Les propositions de communication devront interroger l’interpénétration en l’espace de travail et l’espace de vie, ou l’espace de travail et de hors-travail. Il s’agira de se pencher sur la manière dont les moments de travail et de hors-travail s’ancrent dans un même lieu, y sont négociés et/ou y entrent en concurrence. Quelles places le travail et le hors-travail occupent-ils dans la conception des espaces productifs, mais aussi dans la manière dont ils sont concrètement vécus, pratiqués et appropriés ? Comment la ligne de partage entre lieux (et moments) de vie et travail a-t-elle évolué depuis les époques les plus anciennes et sous quelles formes ? Dans quelle mesure est-elle véritablement opérante ? Comment se traduisent spatialement les rythmes du travail et du hors-travail ? Les moments de vie et de travail se déroulent-ils dans un seul et même lieu ou s’ancrent-ils dans des espaces spécifiques, strictement distincts ? Peut-on plus généralement dissocier la dimension temporelle de la dimension spatiale entre le travail et le hors travail ? Dans quelle mesure les lieux de travail sont-ils aussi des lieux de vie ? Comment sont-ils vécus et appropriés ? La fonction productive d’un lieu de travail peut-elle être subvertie par les acteurs qui l’occupent ?

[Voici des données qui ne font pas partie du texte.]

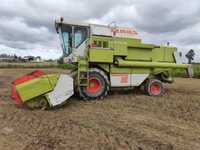 Claas dominator 88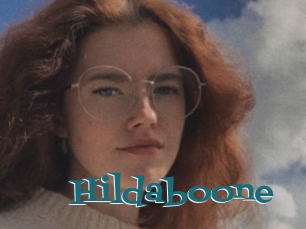 Hildaboone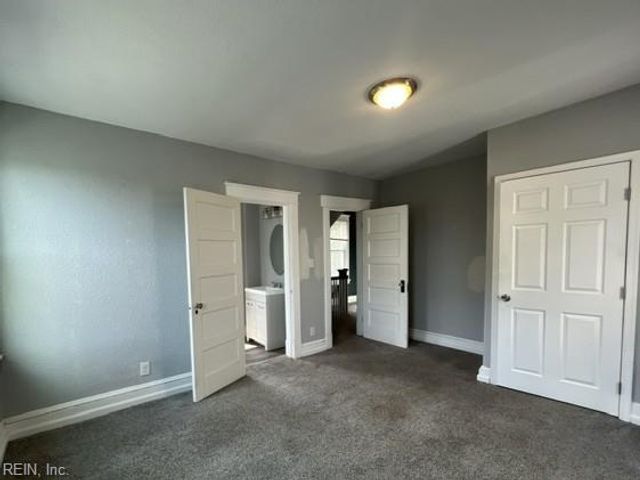 522 W 27th ST, Norfolk, VA 23517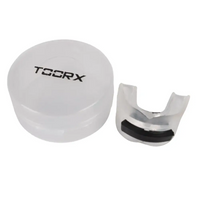 Toorx Fitness Mondbescherming - Bitje - Dubbel - Senior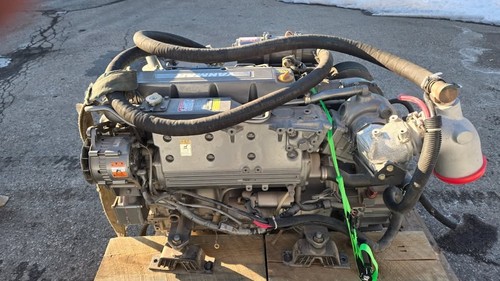 Yanmar 4lha htp - 4lha-htp, marine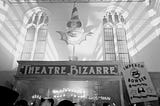 Theatre Bizarre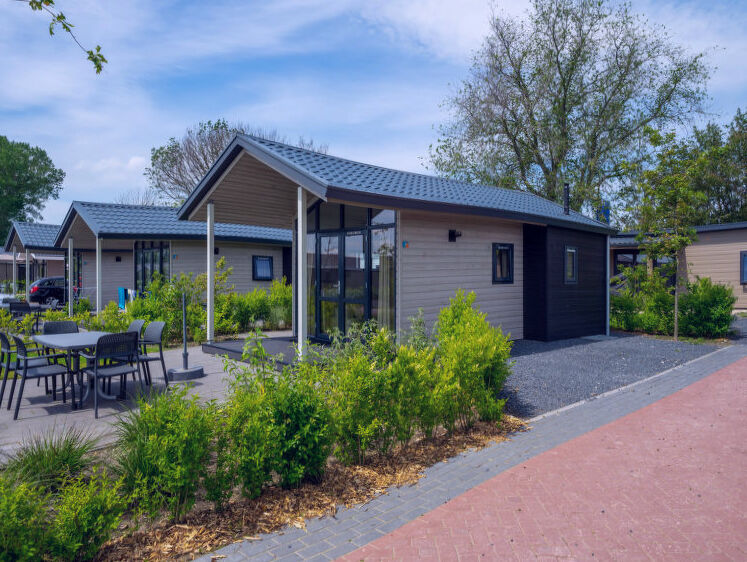 Holiday Home EuroParcs Markermeer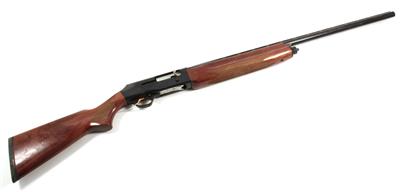 Selbstladeflinte, Browning (Patent Beretta), - Jagd-, Sport- und Sammlerwaffen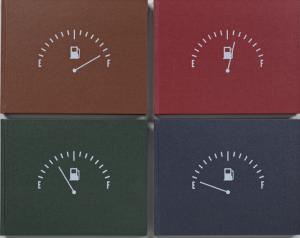 [FREUND] GAS STOP. East, West, Midwest et South - David Freund (4 tomes)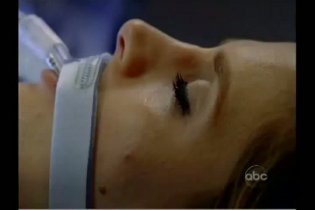 Promo - Castle 4x01: Rise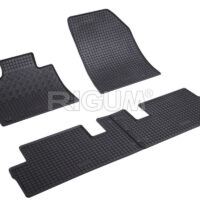 Covorase auto Citroen C4 Picasso II, caroserie Van, fabricatie 07.2013 – 11.2020, 5 locuri
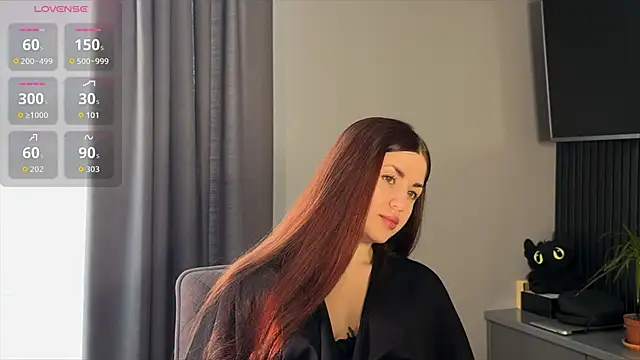 Mistress of puppets online show from March 15, 5:13 am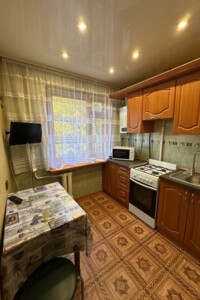 двокімнатна квартира в Дніпрі, район Проспект Поля, на просп. Поля Олександра 109 в довготривалу оренду помісячно фото 2
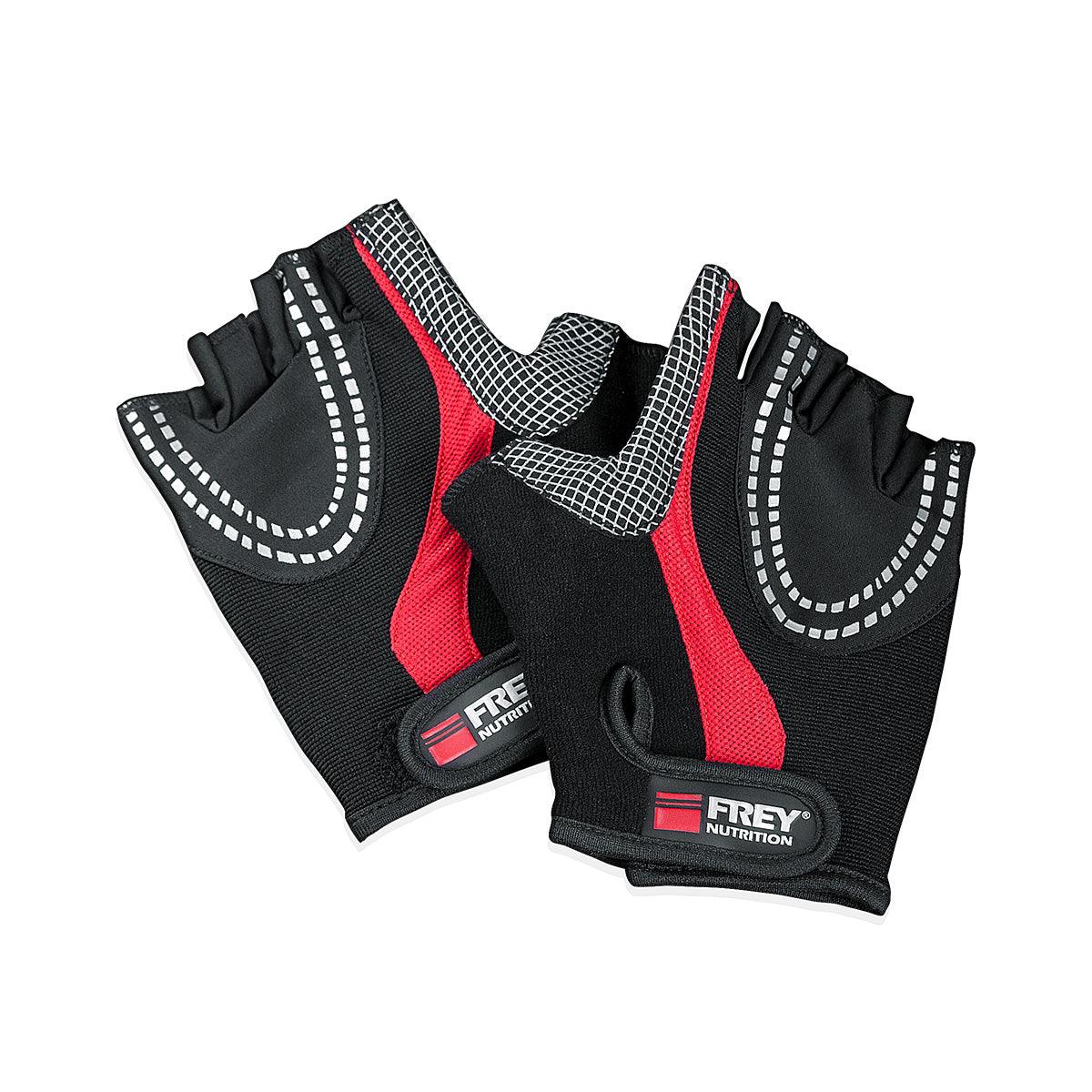 FREY PERFORMANCE GLOVES - Demo-Frey-Nutrition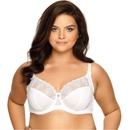 Ava 1922 Freesia mäkká podprsenka bílá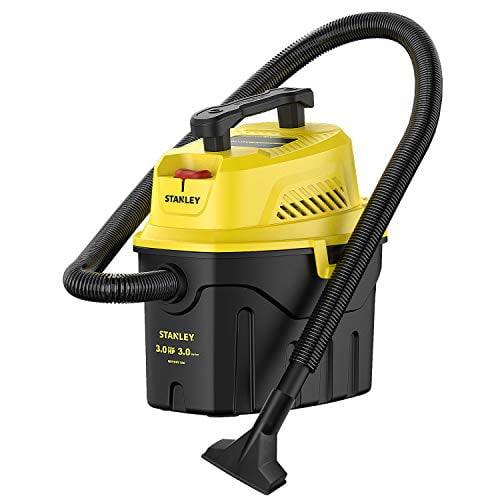 Wet & Dry Vacuum Cleaner Industrial Water and Dirt All-in-1 Blower Vac 15L 1200W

La journée annuelle des doctorant∙es de l’Association française pour l’histoire des mondes du travail (AFHMT) portera cette année sur le thème « Travailler et vivre sur son lieu de travail ». Elle se tiendra à Paris, le 23 mai 2025.
Argumentaire
Dans L’espace ouvrier, Michel Verret évoque le débordement des normes du travail industriel dans l’intimité des foyers, au cœur de l’espace privé : « l’usine à table, l’usine au lit, le rêve du Capital… » (Verret, 1979). S’il s’agit ici du rêve jamais totalement atteint des patrons et des aménageurs, cette partition spatiale et temporelle entre travail et hors-travail n’a rien d’évident. La frontière entre lieux de travail d’une part, entendus comme des espaces dédiés aux activités productives, et lieux de hors-travail d’autre part, compris comme espaces domestiques, d’activités non productives et de sociabilités diverses, est plus ou moins poreuse. Elle est en réalité le fruit d’un processus de concentration de la main-d’œuvre et de l’appareil productif sur le temps long, s’étant traduit à partir de la fin du XVIIIe et surtout au cours du XIXe siècle dans le modèle des manufactures et des usines. Qu’on les envisage dans leur acception physique, sociale ou symbolique, les espaces de travail n’ont pas toujours été exclusivement dédiés à la fonction productive. Bien au contraire, des périodes anciennes aux plus récentes, en ville ou dans les campagnes, les espaces productifs comme les espaces domestiques sont largement multifonctionnels.
Depuis les années 1980, les études sur l’ancrage spatial du travail se sont multipliées, aussi bien en contexte urbain (Stella, 1993 ; Frey, 1995 ; Gribaudi, 2014) que dans les espaces ruraux (Pigenet, 1988). S’y sont également intéressées les monographies d’usines (Schweitzer, 1982 ; Frey, 1986 ; Cohen, 2011 ; Dewerpe, 2017), l’histoire du paternalisme industriel et du logement des travailleur∙euses, qu’il s’agisse du logement servile (Gaston, 2018), du logement ouvrier (Verret, 1979) ou du logement social (Guerrand, 1992), tandis que l’archéologie et l’archéologie expérimentale ont permis de faire l’histoire de ces « lieux de métiers » (Monteix, 2010) que sont les échoppes, les boutiques, les ateliers ou les sites industriels (Major, 1975 ; Morel, 1987 ; Jarrige et Le Roux, 2021).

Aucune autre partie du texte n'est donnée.